Because of examples like vampires, and the fact that different editions of D&D change the alignments of various monsters and even the gods, I have no qualms about assigning different alignments to creatures than the ones listed in the Monster Manual.
Take Drow, for example. They are listed as Chaotic Evil. Despite this, the original publication introducing them to D&D describes a city ruled over, very strictly, by the clergy and secondly by the noble houses. Some rules are strictly enforced - even with respect to foreign visitors being required to wear the cloaks that glow a bright green to infravision/ultravision.
In my campaign, the drow are individually Chaotic Evil, but their society is Neutral Evil - mostly out of necessity, since a CE community of that size would never survive long, even if it wasn't surrounded by deadly enemies.
So, if you find the Neutral Evil alignment suits the classic vampire better than Chaotic Evil, play them that way.
I look at vampires from a societal point of view rather than a personal order point of view. By their very nature, vampires feed upon society and do not build it. I think Chaotic is suitable for that.

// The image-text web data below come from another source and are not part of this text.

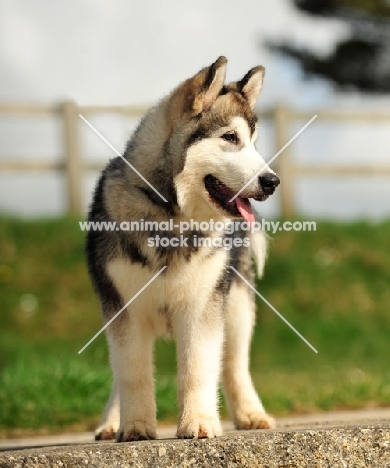 Alaskan Malamute puppy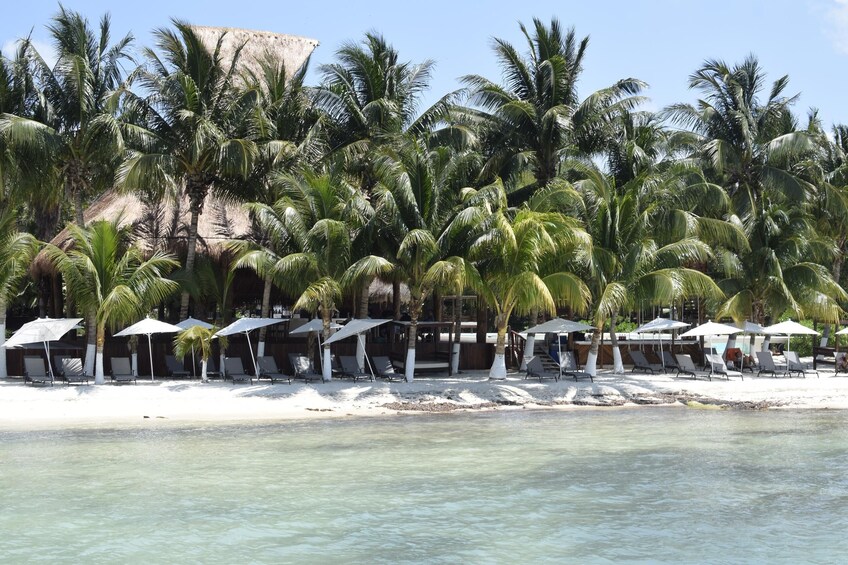 Double Adventure! Catamaran to Isla Mujeres and Cancun Hop-on Hop-off tour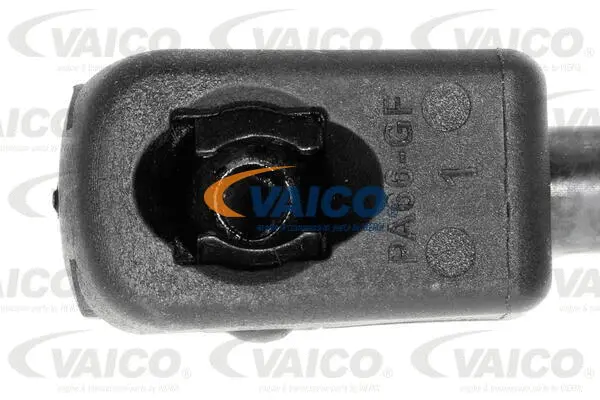 Gas Spring, boot/cargo area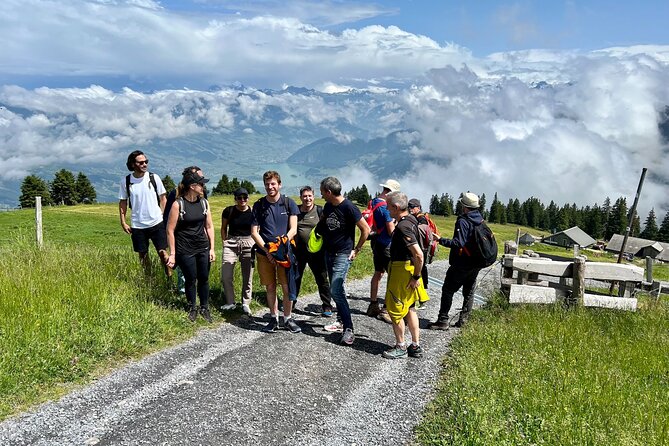 Private Guided Hike on Mt. Rigi with Farm Visit and BBQ - Practical Details: Accessibility, Timing, and Booking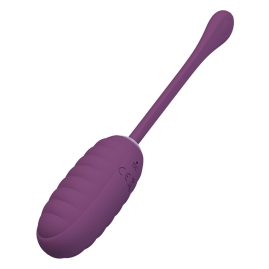 Виброяйцо Pretty Love Kirk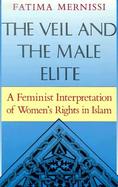 The Veil and the Male Elite A Feminist Interpretation of Women's Rights in Islam cover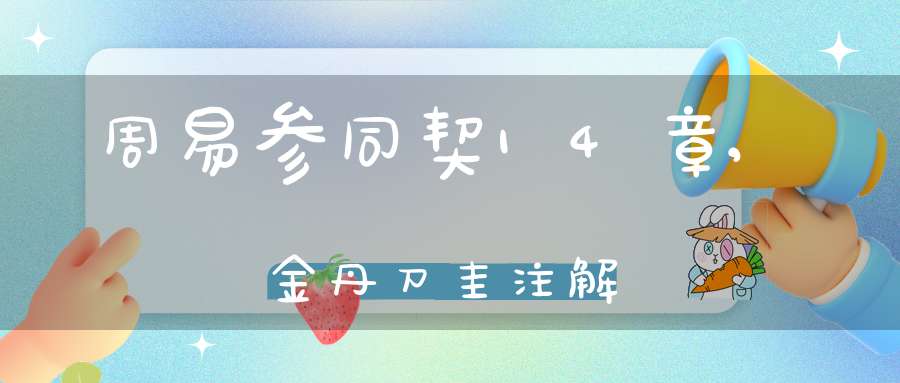 周易参同契14章,金丹刀圭注解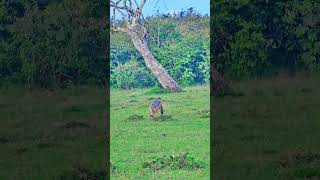 What is the Jackal Eating? 😱😱 #Wildlife #Safari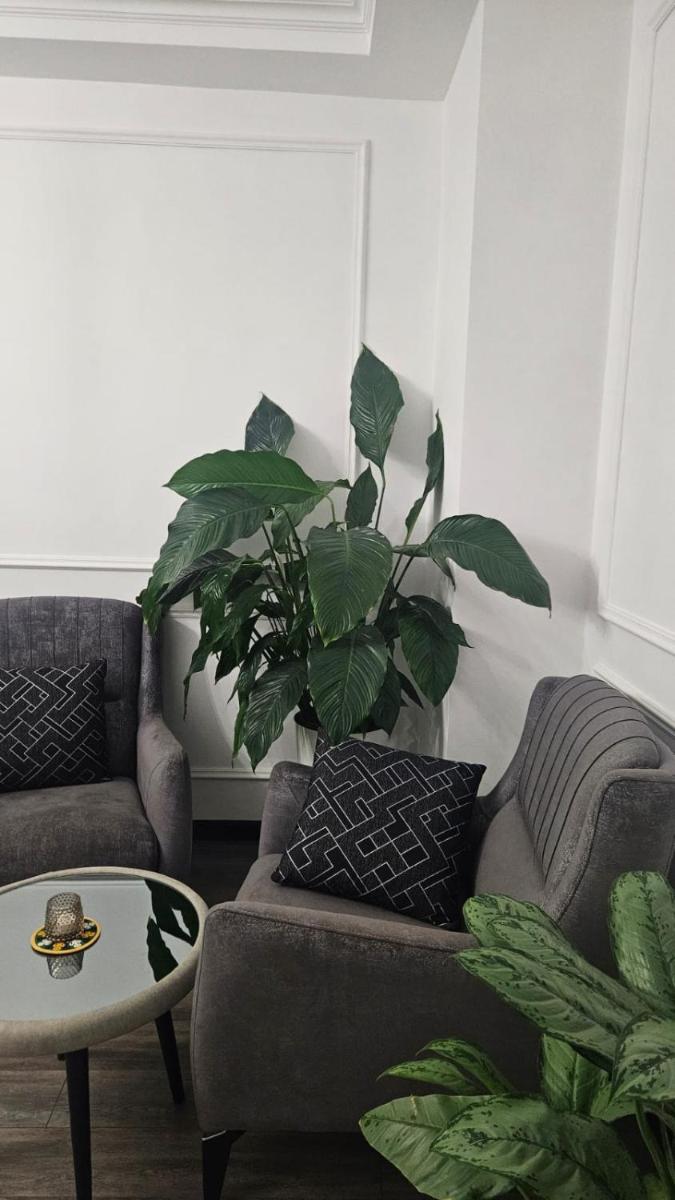 Apartment - Housity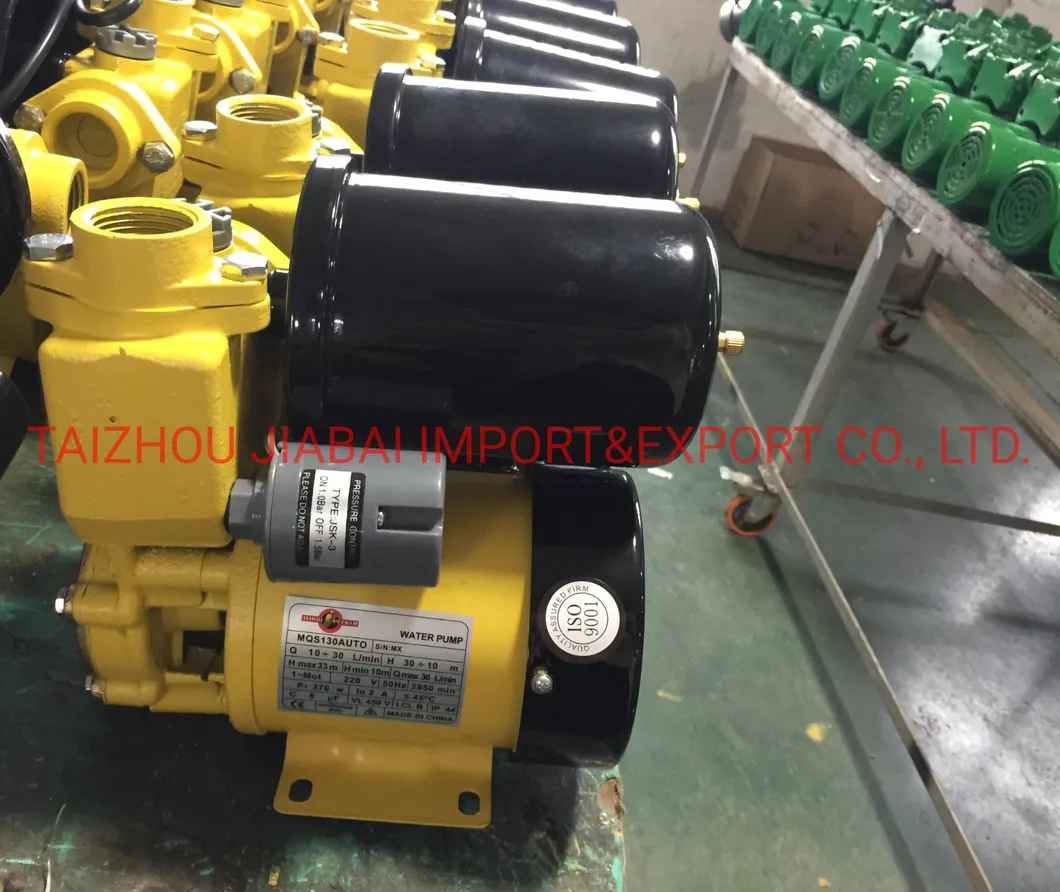 Pump Factory Self-Prming Pump Automatic Pump PS130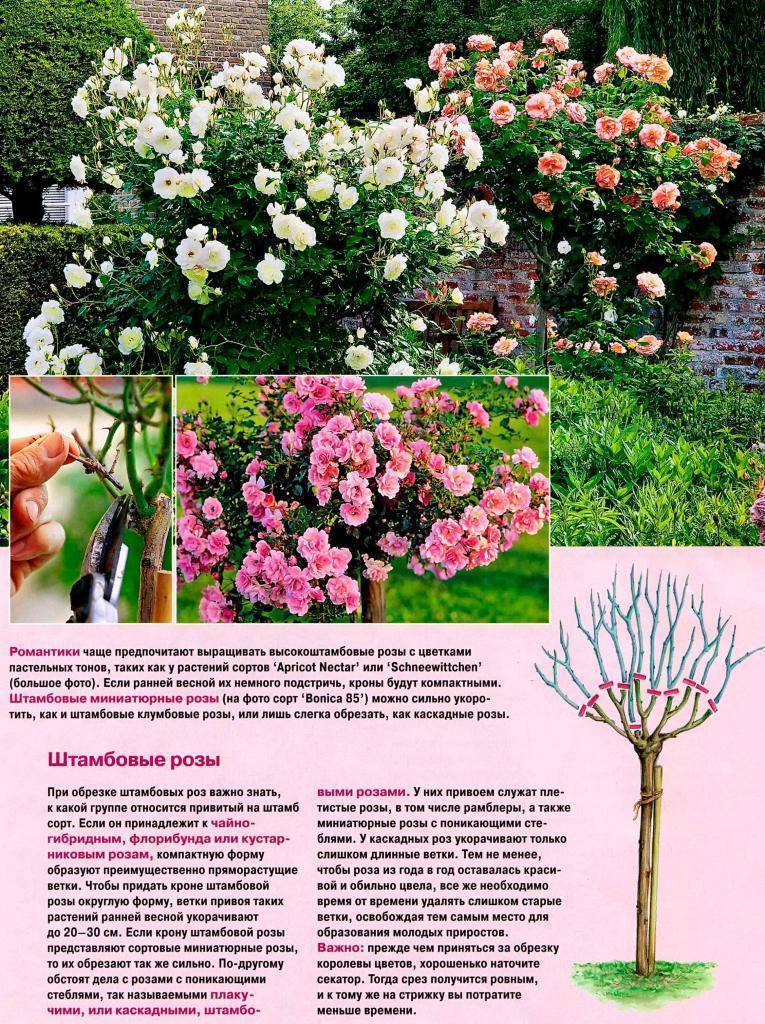 Плетистая роза сантана: описание сорта, фото в саду, отзывы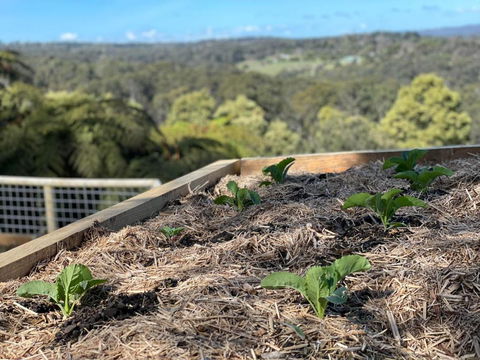 Cloud View Garden - Timeshare Accommodation 3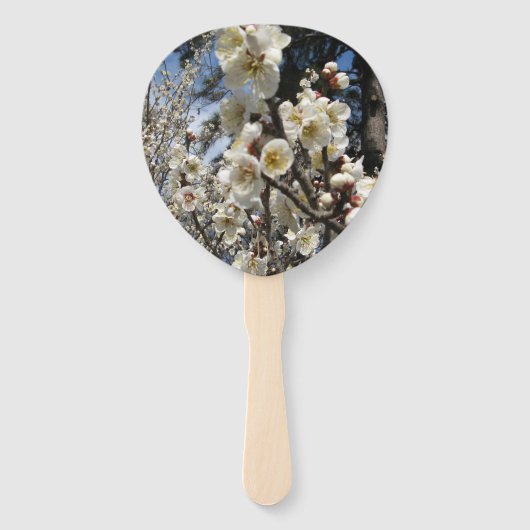 白さくらんぼの花/桜/ サクラ(桜) ハンドファン (正面)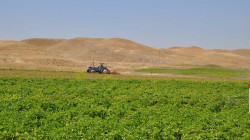 اسوة بقرار كوردستان.. زراعة كرميان تطالب بغداد بمنع استيراد المحاصيل الزراعية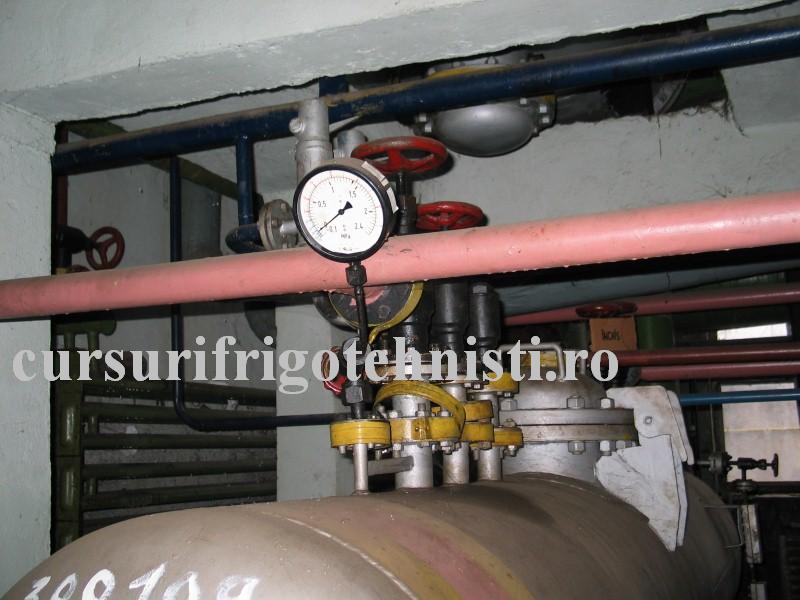 IMG_0124 (Custom).JPG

As you mentioned, Bram Stoker's Dracula is the inspiration, and were the game to be created now with Vampires a la Anne Rice, Stephanie Meyer, or Vampire the Masquerade as inspirations, D&D vampires would probably look a lot different.
There was a discussion of differing alignments of vampires in the Dragon Magazine article "Mind of the Vampire" in Issue 162 that is worth checking out.
The author, Nigel Findley, postulated that depending on the state of the victim, the alignment of a newly formed vampire may be different than the standard CE. But with the passing of time and the nature of the vampire having to feed off of the living, maintaining an alignment other than CE is difficult at best and usually the vampire will devolve to at least a passive evil status if not totally absorbed into self serving, selfish CE.
But there remains a possibility for other alignments in the early stages of an undead existence. Read up on it for more inspiration in this vein.